In the previous post, I discussed how training a state-of-the-art model from scratch is unaffordable for most companies. Meanwhile, Apple announced their AI strategy, showcasing how small models, like the 7 billion parameter model, can be personalised and adapted on our smartphones and smartwatches. This is where fine-tuning becomes essential. Fine-tuning involves adjusting the parameters or weights of a pre-trained language model to tailor it to a new, specific task or dataset. Notably, fine-tuning was initially introduced to address “catastrophic forgetting,” the tendency of an artificial neural network to forget previously learned information when learning new information, as well as to manage the computational and memory effort required. This effort arises from the learning strategy of backpropagation, which makes a model “differentiable” and involves calculating “gradients” that indicate how a small change to a parameter will impact the model’s output. The process includes generating a prediction, calculating gradients, determining the prediction’s error, and then using the gradients to adjust the model’s parameters. Fine-tuning aims to keep training resources minimal and tweak a model without losing its original capabilities.

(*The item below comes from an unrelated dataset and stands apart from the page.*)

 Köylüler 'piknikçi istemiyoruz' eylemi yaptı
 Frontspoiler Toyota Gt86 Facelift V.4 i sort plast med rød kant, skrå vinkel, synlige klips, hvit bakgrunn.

Consider a deep neural network (DNN). Essentially, it is a combination of numerous linear components, also known as parameters (m*x+b), which involves additions and multiplications, or in its matrix representation, matrix multiplications. A neural network is considered deep if it has more than just the input and output layers. This additional layer is essential for tweaking a model; for example, an attentional layer transforms a sequence-to-sequence model into a transformer. This is where the fine-tuning approach of “parameter-efficient fine-tuning” (PEFT) comes into play.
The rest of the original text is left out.